Hal itu bisa dilihat pada 1908 ketika Budi Utomo berdiri hanya untuk orang Jawa. Kemudian ada banyak organisasi pemuda daerah, seperti Jong Sumatranen Bond dan Jong Celebes, yang hanya mewakili etnis tertentu.
Baca juga: Perempuan dalam Kongres Pemuda
Menurut Didi masyarakat golongan timur asing pun tersingkir dalam orientasi politiknya. Misalnya dalam organisasi Tiong Hoa Hwee Koan yang lahir pada 1900 sebelum Budi Utomo. “Jadi yang muncul pada awal abad 20 itu organisasi etnosentris, etnonasionalisme, bukan nasionalisme dalam arti modern, persamaan nasib, persamaan cita-cita dan sebagainya. Jadi masih sangat tersegregasi,” lanjut Didi.
Ironisnya, Didi melanjutkan, partai yang dipimpin Sukarno, Partai Nasional Indonesia (PNI), hanya menerima etnis Tionghoa sebagai anggota luar biasa. Hal itu pun dimasukkan dalam AD/ART partai. “Partai ini hanya menerima golongan pribumi kala itu,” tambahnya.

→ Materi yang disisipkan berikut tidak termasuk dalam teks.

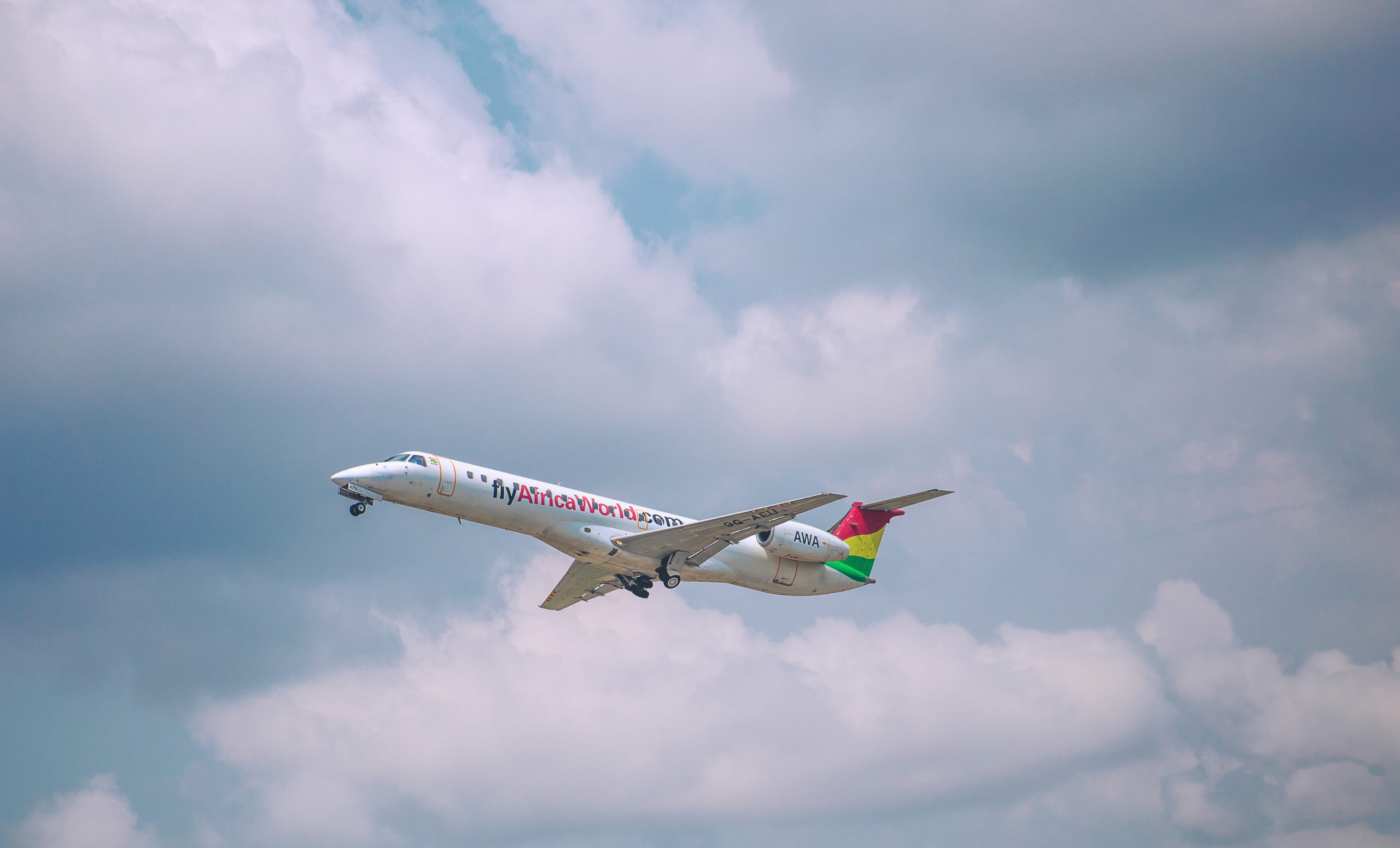 Suspension of Freetown & Monrovia flights Fly Africa World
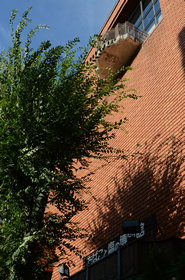 レンガ色の建物が夏の青空に映える、渋谷・たばこと塩の博物館。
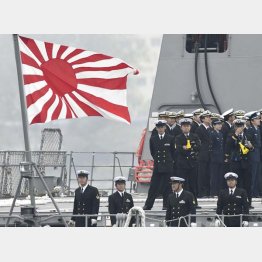中国・青島に到着した海自の護衛艦「すずつき」／（Ｃ）共同通信社
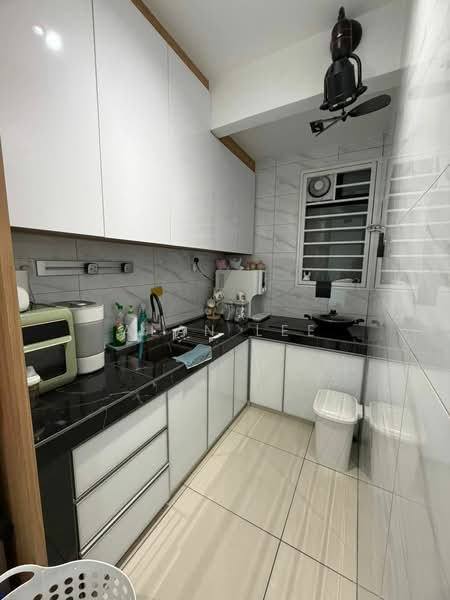 Service Residence for Sale at Kenwingston Avenue - Alan Lee - Kitchen - PropertyGuru.com.my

Menurut Didi, justru yang menjadi pelopor kesetaraan dalam organisasi politik adalah Indische Partij. Sayangnya, partai ini tak bertahan lama. Berdiri Desember 1912, partai ini sudah bubar pada 1913.

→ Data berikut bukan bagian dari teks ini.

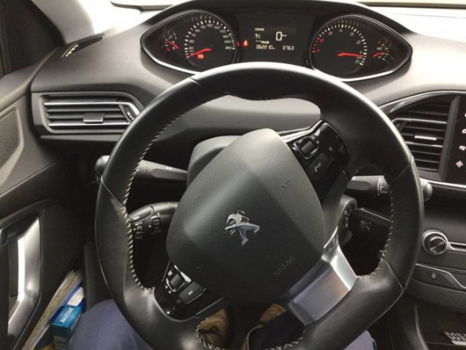 Peugeot 308 - 1.2 130pk Style | Panoramadak | Navigatie | Parkeersensoren | Lm velgen | - 1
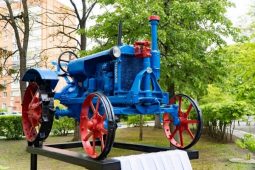 В аграрном университете установили послевоенный  трактор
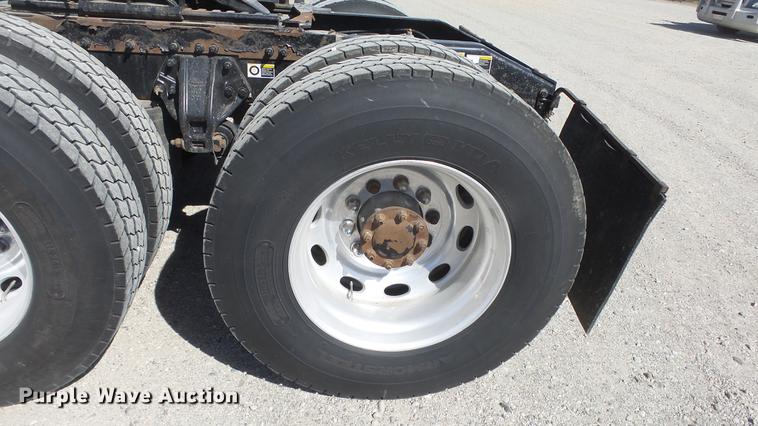 image for item DC0717 2013 Peterbilt 386 semi truck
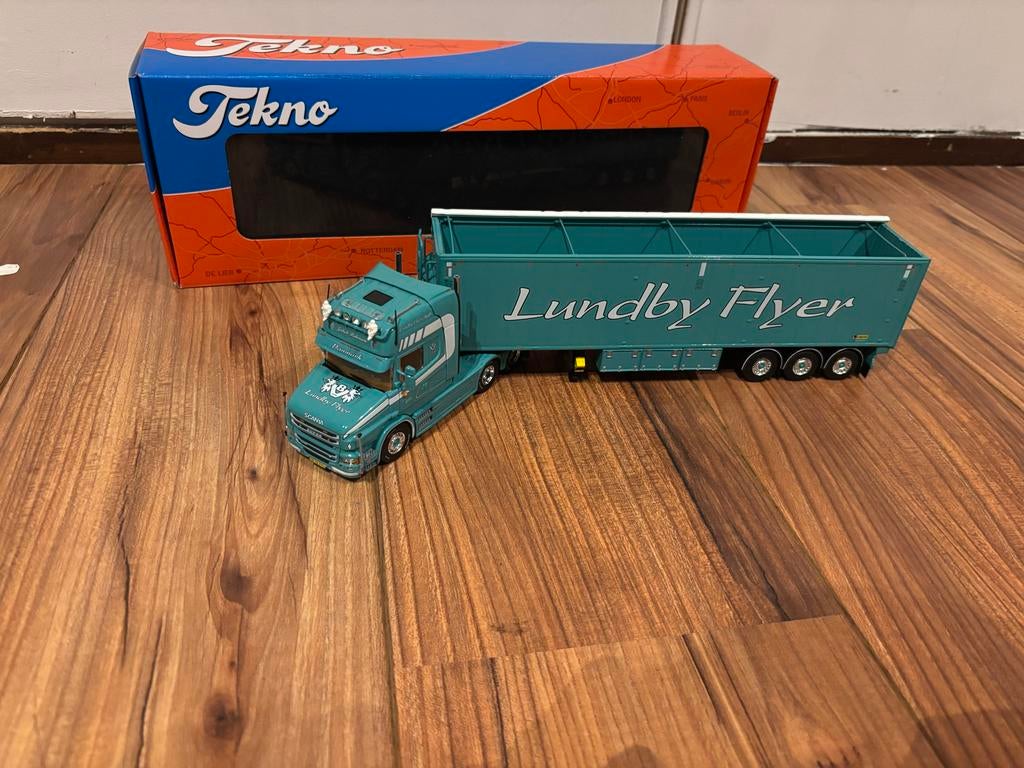 Tekno Scania t730 lundby flyer, Hobby en Vrije tijd, Modelauto's | 1:50, Ophalen of Verzenden, Zo goed als nieuw, Bus of Vrachtwagen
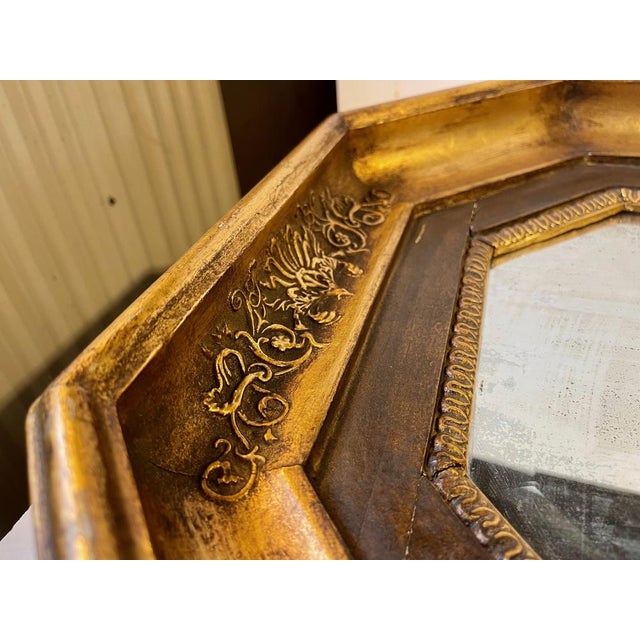 19th Century Scandinavian Octagonal Wall Mirror in Gilded Wood For Sale - Image 13 of 15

“Indische Partij itu sebenarnya embrio dari sikap Indonesia untuk keluar dari sikap etnonasionalisme. Hindia untuk orang Hindia. Siapa orang HIndia itu? Bumiputra, Tionghoa, Indo, Arab bisa jadi anggotanya,” jelas Didi.
Baca juga: Kata pemuda zaman kolonial tentang Sumpah Pemuda
Pada 1920, Partai Komunis Indonesia berdiri dan terbuka dalam menerima keanggotaan. Begitu pula dengan Gerakan Rakyat Indonesia (Gerindo) pada 1937 yang mengakomodasi seluruh etnis di Indonesia.
Menurut Didi, pemberontakan PKI pada 1926 membuat pemerintah kolonial makin bersikap keras. Hal ini memunculkan perasaan senasib sebagai sesama masyarakat terjajah. Hingga akhirnya melebur dalam Kongres Pemuda II.
“Sumpah Pemuda,” kata Didi, “bisa dikatakan sebagai penggorengan yang pertama. Tonggak pergerakan nasional yang ada sebelumnya belum secara inklusif merangkul seluruh etnis yang ada. Sumpah Pemuda representasi kebhinekaan Indonesia saat itu.”